Background & Motivation¶

Talking head generation has wide applications in education, film/television, virtual digital humans, and other fields. Existing methods primarily suffer from three limitations:

Holistic Generation, Lacking Fine-Grained Control: Most methods generate talking head videos in a holistic manner, making it impossible to independently control mouth shape, head pose, and emotional expression.
Single Driving Modality: Current works typically support only audio-driven or video-driven generation, limiting multi-modal application scenarios.
Inefficient Disentanglement: Existing facial disentanglement methods either over-rely on external priors (such as 3D reconstruction coefficients or additional audio data for contrastive learning), lack intrinsic constraints between spaces leading to incomplete disentanglement, or require training the entire heavyweight network from scratch when disentangling a new subspace.

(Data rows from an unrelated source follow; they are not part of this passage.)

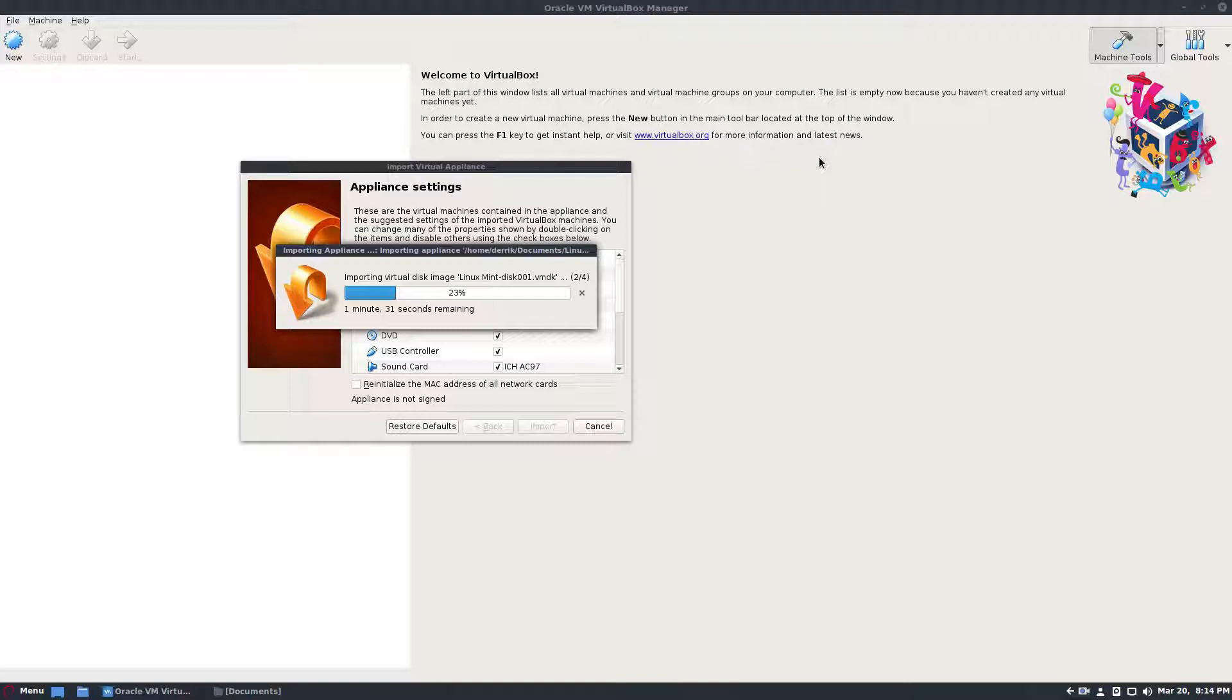Anyways, guys, I'm going to get going. I hope you learned a little bit about VirtualBox and I will see you in the next video.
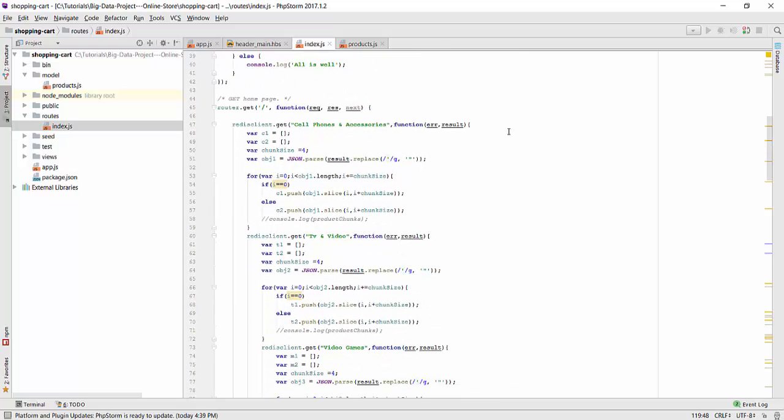Now, as you can see over here, router.get method. In this method, you can see slash over here. That means this code is for homepage. In this homepage, we are taking the data into JSON format. And we are passing these hash keys, cell phone accessories, TV videos and video games. Because we wanted to show products of these categories on the homepage of our website. The top products of these categories. So we are taking the data into JSON format. And then we are creating objects. And we are splitting them into 4. Because on the homepage of our website, you will see top 4 products first. So we are just splitting them by this for loop. And then in this res.render, you can see we are pushing them to the home page.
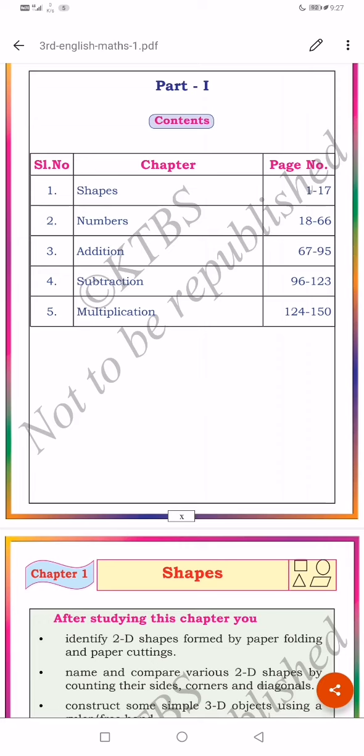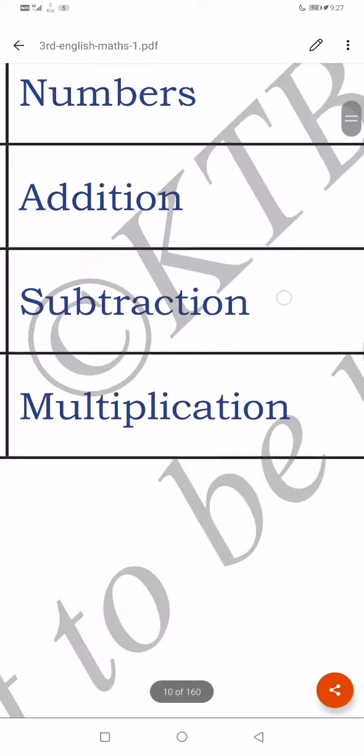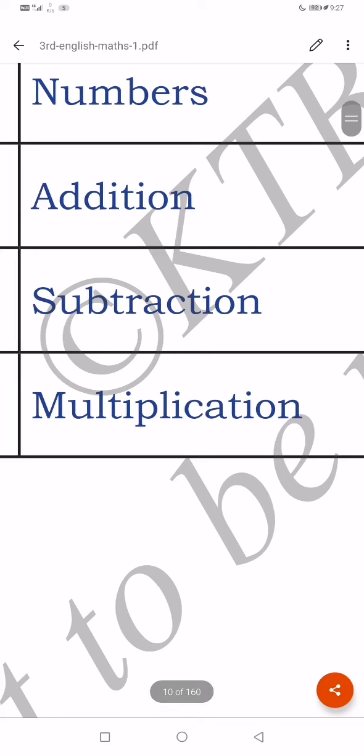S-U-B-T-R-A-C-T-I-O-N. Subtraction. Beokor a (subtraction in Bengali).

The authors argue that an ideal disentangled space should satisfy two conditions: (a) the spaces should be mutually disjoint, with each space capturing only the motion of its corresponding component without interference from others; (b) the spaces disentangled from video data should be storable and shareable with audio inputs.

Core Problem¶

How to efficiently decompose facial motion into three mutually non-interfering independent latent spaces (mouth shape, head pose, and emotional expression) without relying on external prior information, and achieve dual-modality driving (video/audio)?

Method¶

Overall Architecture¶

EDTalk is based on an autoencoder architecture, consisting of an encoder \(E\), three Component-aware Latent Navigation (CLN) modules, and a generator \(G\). Given an identity image \(I^i\) and different driving sources \(I^m, I^p, I^e\) (controlling mouth shape, pose, and expression, respectively), the encoder maps the images to latent features, while the CLN modules convert them into corresponding motion features.

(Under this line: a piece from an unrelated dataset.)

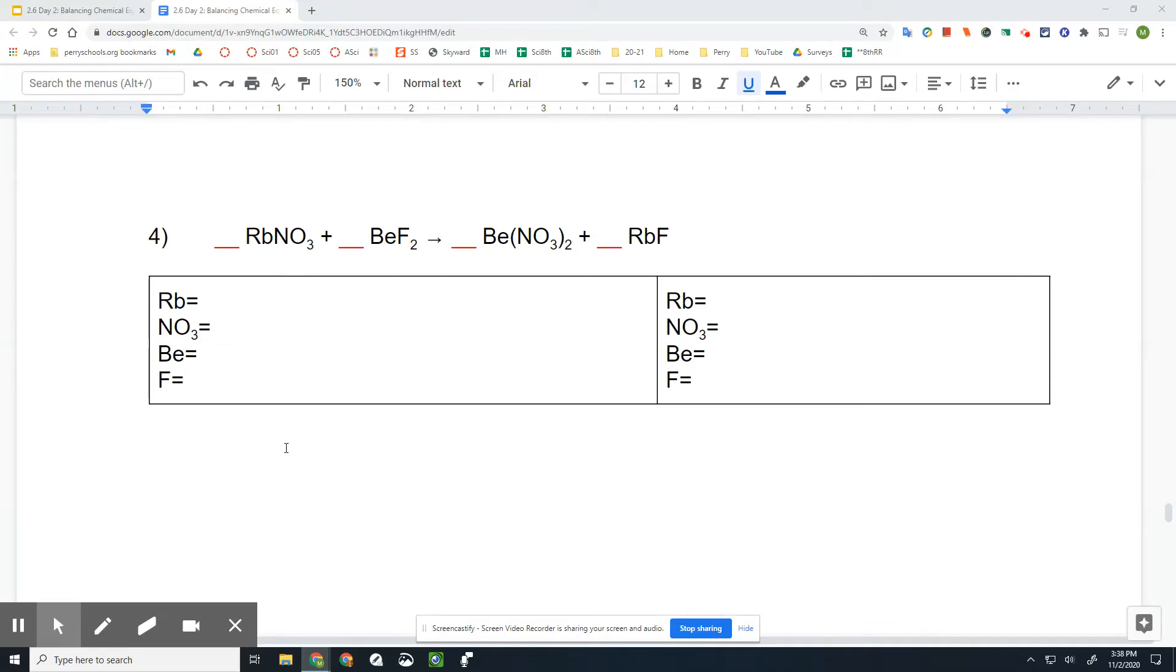All right, let's look at another example that is in the extension here, and we've got RbNO₃, BeF₂. So there's something we can do if we have these compounds together like this.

Core Design — Learnable Orthogonal Basis Vectors: Each CLN module maintains a bank of learnable basis vectors \(B^* = \{b_1^*, \dots, b_n^*\}\). Motion is represented as a linear combination of these basis vectors:

\[f^{r \to *} = \sum_{i=1}^{n} w_i^* b_i^*\]

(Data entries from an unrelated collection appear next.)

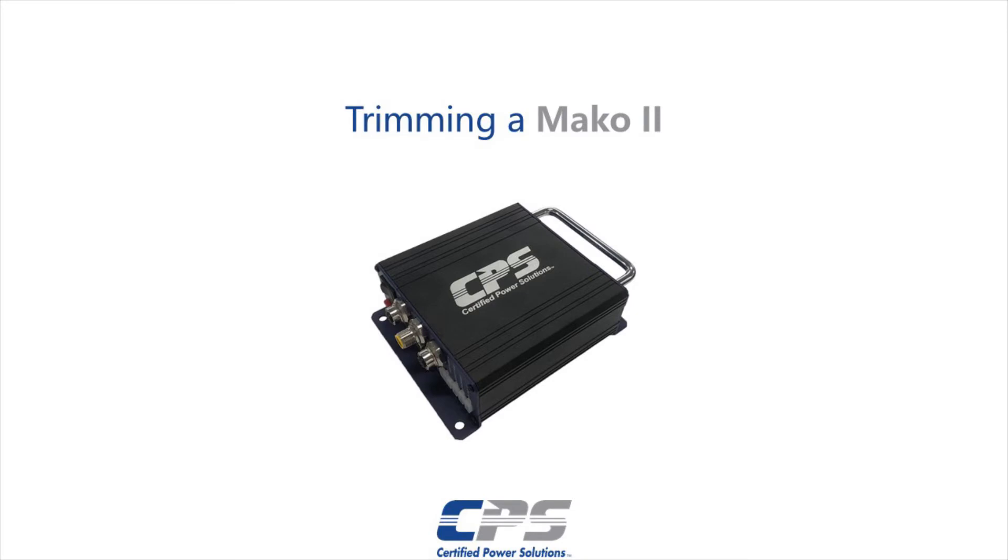Hi guys, this is Amr from Certified Power. Today I'll be showing you how to trim a Mako 2.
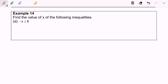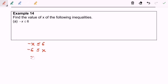Hello everyone. I'm going to discuss example 14a: find the value of x for the following inequalities. For part (a) we have -x ≤ 6. My advice is to rearrange — move -x to the right-hand side so it becomes positive x, and move the 6 to the left-hand side so it becomes -6. We will have x ≥ -6.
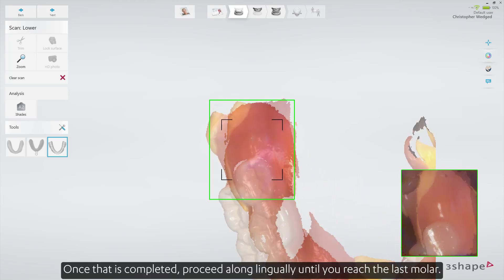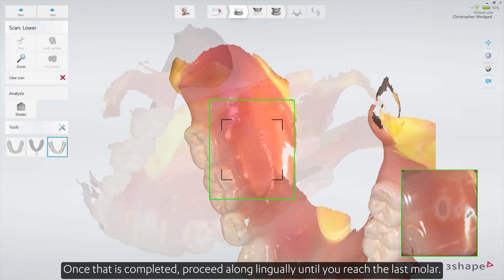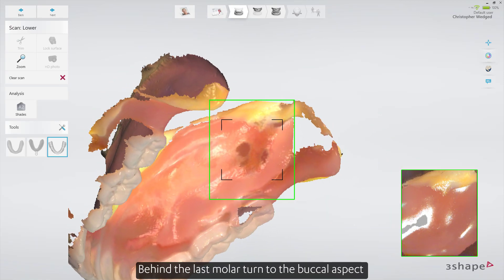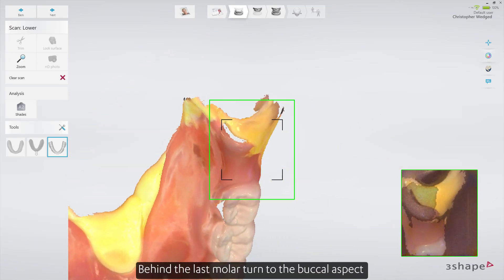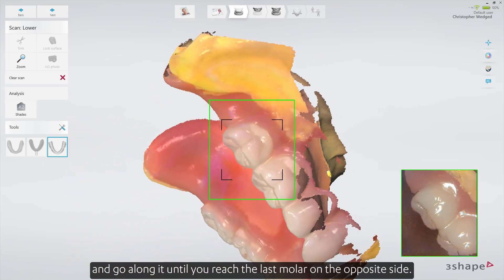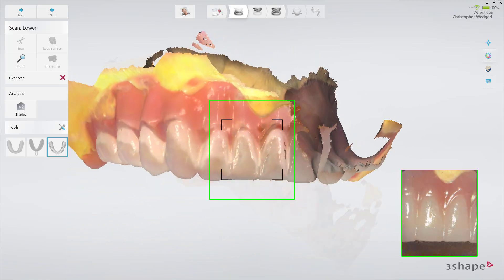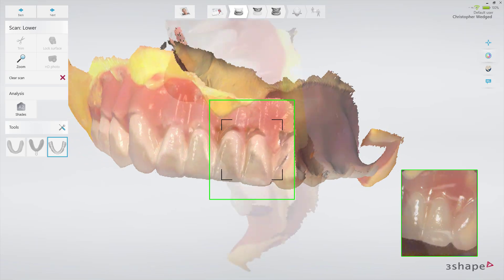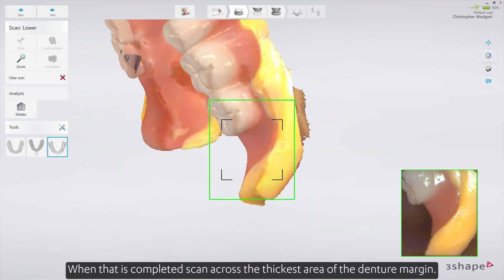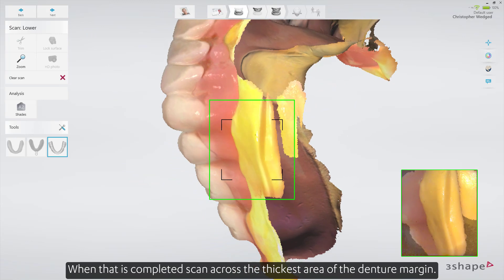Once that is completed, proceed along lingually until you reach the last molar. Behind the last molar, turn to the buccal aspect and go along it until you reach the last molar on the opposite side. When that is completed, scan across the thickest area of the denture margin.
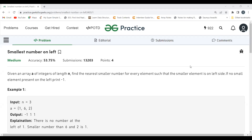Hi everyone, welcome to my YouTube channel. I hope you are doing extremely well. Today in this video we are going to solve the problem of the day on the GeeksforGeeks platform. Today's problem is 'Smallest Number on Left'. As usual, first we'll be understanding the problem statement, then the logic part, and then we'll be coding it up. Before proceeding, make sure to subscribe to my channel and join our Telegram community — the link is in the description.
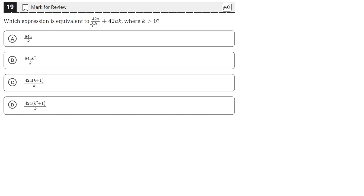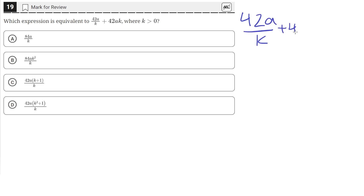Which expression is equivalent to 42a over k plus 42ak, where k is greater than 0? We have this expression here and we need to see which one of these is equivalent. By looking at all these answer choices, we see that they are all one fraction, so we should probably convert this expression with two terms into one fraction.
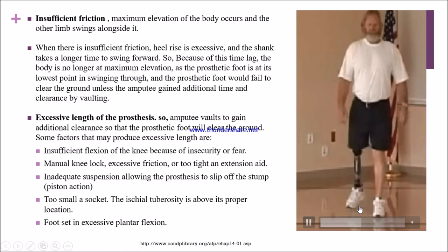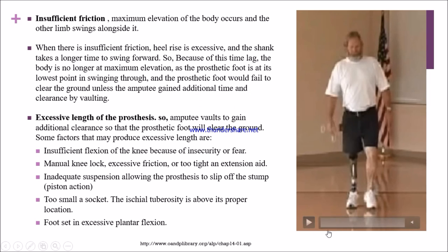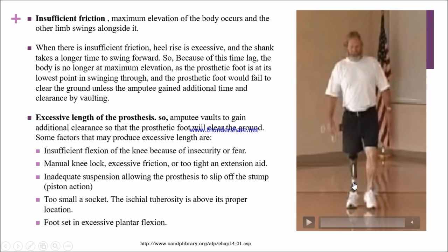In this video, we can see that heel rise is excessive and the shank takes a longer time to swing forward, causing a time lag. The body is no longer at maximum elevation, so the prosthetic foot is at its lowest point during swing. The prosthetic foot would fail to clear the ground unless the amputee gains additional time, which is why they vault. If excessive prosthesis length is present, the amputee again vaults to gain additional clearance.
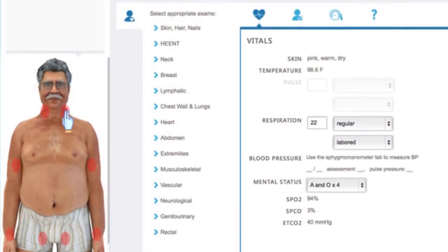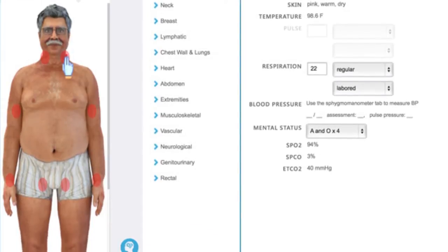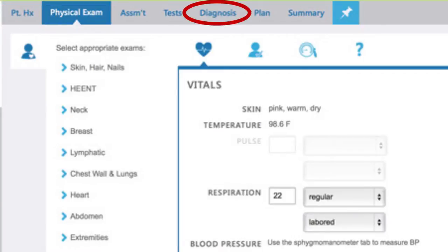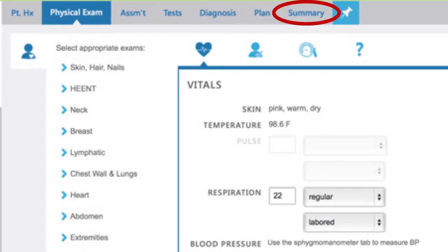You do virtual physical exams with animated avatars. You develop hypotheses on what might be going on — differential diagnoses. You order up any kind of test that you want, review the results of those tests, and confirm the diagnosis and develop a treatment plan. It's all about perfecting the patient assessment and diagnostic reasoning competencies.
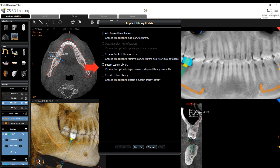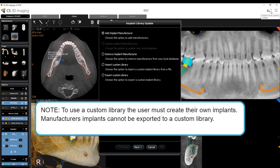Additional options include export or import a custom implant library. Note: to use a custom library, the user must create their own implants. Manufacturer's implants cannot be exported to a custom library.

where the weight \(W^* = \text{MLP}^*(f^{* \to r})\) is predicted from the latent features by a lightweight MLP. The key constraints are: - Intra-space Orthogonality: Different basis vectors within the same bank are orthogonal to each other \(\langle b_i^*, b_j^* \rangle = 0 \ (i \neq j)\). - Inter-space Orthogonality: The basis vectors among the three banks (\(B^m, B^p, B^e\)) are also mutually orthogonal.

This guarantees independent control over different facial components, and features from the three spaces can be directly summed to obtain the complete driving feature.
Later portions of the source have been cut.